▶ **WORK REQUEST**:
Each entry must be given again exactly; images do not belong in the copy.
************
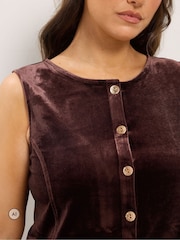 Yours Curve Brown Velvet Longline Waistcoat - Image 4 of 6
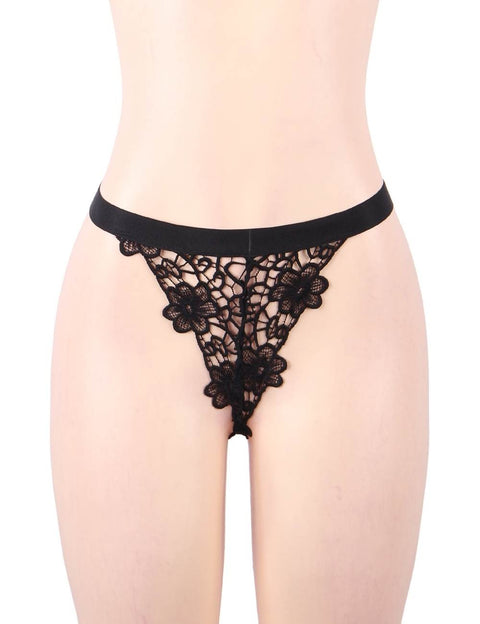 Lace Delicate Embroidery Babydoll/Chemise Set R80926-1 Black XS/S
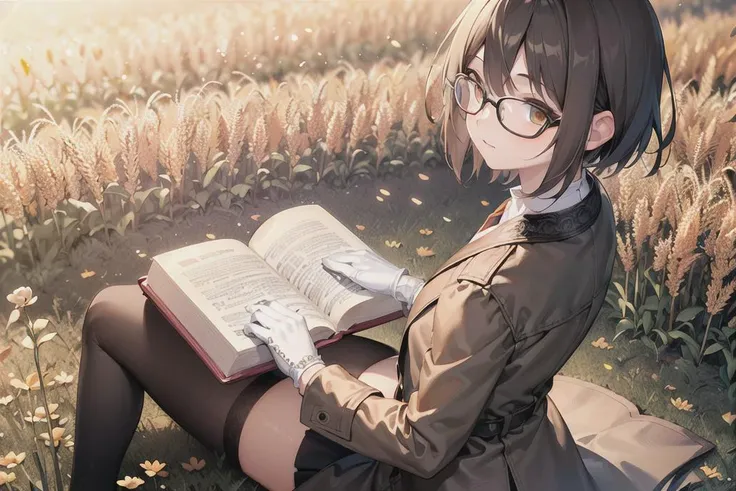 ((masterpiece,best quality,extremely detailed cg unity 8k wallpaper)),1girl, solo, short hair, brown hair, brown eyes, coat, black thighhighs, glasses, gloves, skirt, sitting, holding book, reading, looking at book, wheat field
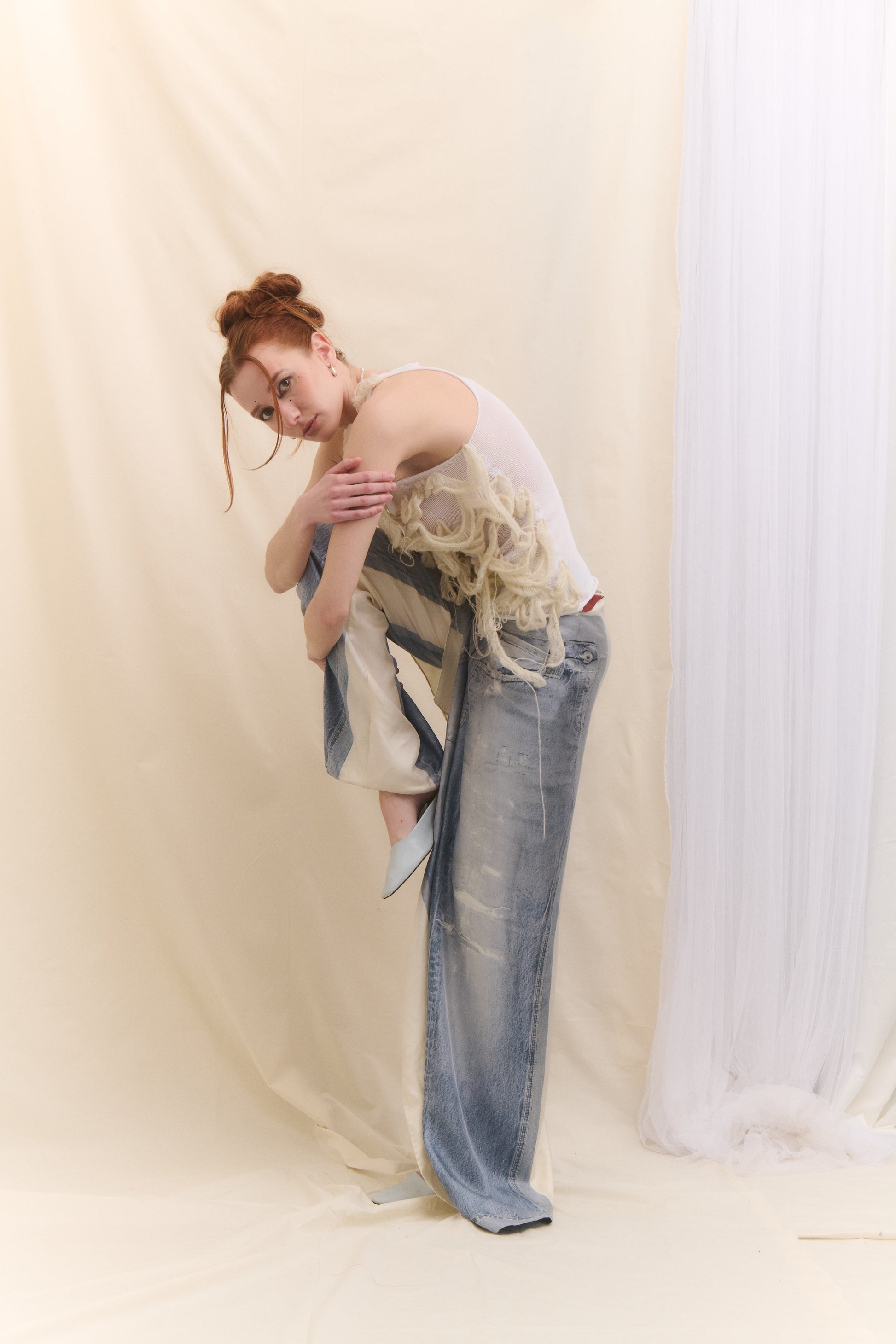 Fake denim zvonové kalhoty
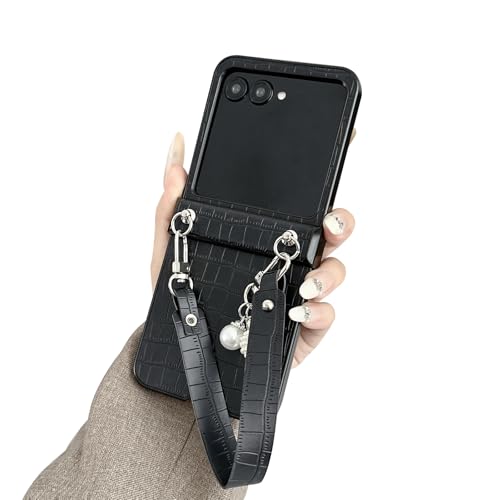 TRIPLE RIVER�EFor Razr 70 Ultra �P�[�X�ϏՌ� �J�o�[ �N���R�_�C���� PU���U�[ ������ �x���g �n���h�X�g���b�v For ���g���[�� ���C�U�[ 70/70s/70d/70 �E���g��(�u���b�N)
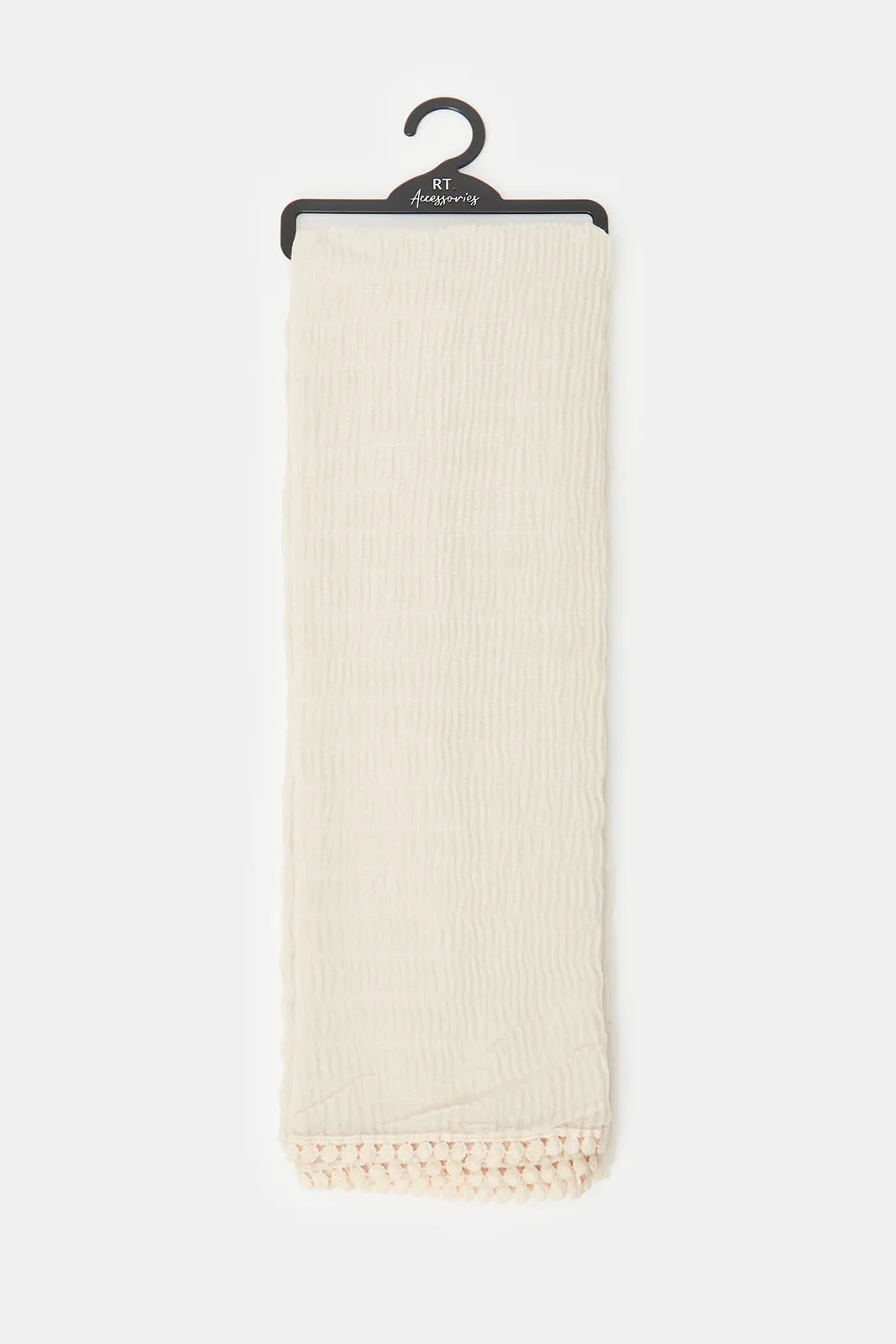 Girls Beige Solid Scarf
************
▶ **COMPLETED TASK**:
 Yours Curve Brown Velvet Longline Waistcoat - Image 4 of 6
 Lace Delicate Embroidery Babydoll/Chemise Set R80926-1 Black XS/S
 ((masterpiece,best quality,extremely detailed cg unity 8k wallpaper)),1girl, solo, short hair, brown hair, brown eyes, coat, black thighhighs, glasses, gloves, skirt, sitting, holding book, reading, looking at book, wheat field
 Fake denim zvonové kalhoty
 TRIPLE RIVER�EFor Razr 70 Ultra �P�[�X�ϏՌ� �J�o�[ �N���R�_�C���� PU���U�[ ������ �x���g �n���h�X�g���b�v For ���g���[�� ���C�U�[ 70/70s/70d/70 �E���g��(�u���b�N)
 Girls Beige Solid Scarf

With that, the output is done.